As such, it was a thrill to open Martin Powell’s and Jamie Chase’s new graphic novel adaptation of The Hound of the Baskervilles and be instantly reminded of that time. There’s more than a little bit of Hammer Horror’s Hugo Baskerville about Chases’s rendition. The iconic blood-red riding jacket and distinctive eighteenth century hairstyle of the famous villain are immediate visual cues. Suddenly, I’m watching David Oxley chase an unfortunate young woman across the moor, with the moon highlighting his silhouette as he lays eyes on the Hound for the very first time. And a few pages on, with the slope of his brow and the curve of his hawk-like nose, it is Peter Cushing ensconced in the Baker Street sitting room, draped in the famous purple dressing gown and wielding his eyebrow like a weapon. However, it’s not just the Hammer Horror version of HOUN that leaps from the pages of this novel. There is also a Dr. Mortimer whose thin mustache and distinctive, round spectacles are more reminiscent of the Mortimer seen in the 1939 film version of HOUN starring Basil Rathbone, Nigel Bruce and Lionel Atwill (as the late Sir Charles’s closet friend). In the strikingly handsome features of Chase’s Sir Henry, there is more than a little of Richard Greene’s face and all his classic, movie star qualities. And in the single panel in which Sherlock Holmes answers Dr. Watson’s question about the existence of the Hound, (saying simply, “It does.”) it is difficult for the reader not to hear Jeremy Brett’s delivery of that iconic line, complete with his sonorous timbre.

Chase’s illustrations are atmospheric and impressive, but not just for the way in which they harken back to some of the most famous cinematic adaptations of Sir Arthur Conan Doyle’s most famous novel. The color palette is striking and mesmerizing. Dominated by a dark, sometimes harsh, selection of hues, the occasional pinpoints of color have just that much more impact: the rosy blush of sunlight coming through a window, the golden glow of a single candle, or – as mentioned previously – the ominously, maliciously red jacket on Sir Hugo. In his illustrations, Chase uses color with a stunningly magnificent expertise, and to the fullest, most profound impact.

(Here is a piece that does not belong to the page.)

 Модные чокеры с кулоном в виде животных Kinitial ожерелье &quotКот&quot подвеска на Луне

For his part, Martin Powell has managed to craft a gorgeous adaptation of Doyle’s original novel. As an adaptation, not a duplication, there are elements of the story that are missing. For instance, readers who tend to skip over Dr. Watson’s lengthy, sometimes tedious, descriptions of landscape and setting will be pleased; there is none of that present – the drawings certainly give voice to those elements on their own. As another reviewer has pointed out, the famous phrenological exchange between Sherlock Holmes and Dr. Mortimer is also missing. The story is streamlined, with much of the exposition and introspection omitted. What remains, however, practically vibrates with intensity. Many of Watson’s reports to Holmes (whom he believes is back at Baker Street) are written across the background of a panel, while the action plays out in the foreground. It’s a powerful and evocative way of showing the complexity of Watson’s role, and the depth and intricacy of the story that Doyle wove together.

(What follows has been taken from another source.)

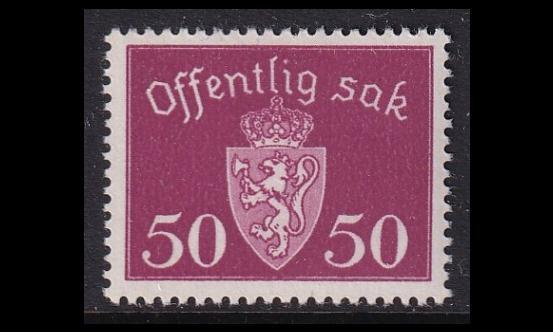 Norja 58 ** Virkamerkki 50 öre lila (1946)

Powell wields his chosen dialogue for maximum emotional effect. When Watson speaks to a shadowy figure off-panel, saying simply: “You! I thought you were still in London!” There is a frisson of fear, even if readers already know that they will turn the page to find the Great Detective as the man being addressed. When Holmes tells his friend: “Your reports did it justice, Watson. The house does, indeed, have a menacing personality all its own” – that personality is practically tangible, as the reader sees Sherlock Holmes as a small, isolated figure standing in the grand hall of the Baskerville estate. Martin Powell’s story and Jamie Chase’s artwork are symbiotic, and they likewise do more than justice to a story that is more than a classic – Doyle’s HOUN is as immortal as the Hound itself.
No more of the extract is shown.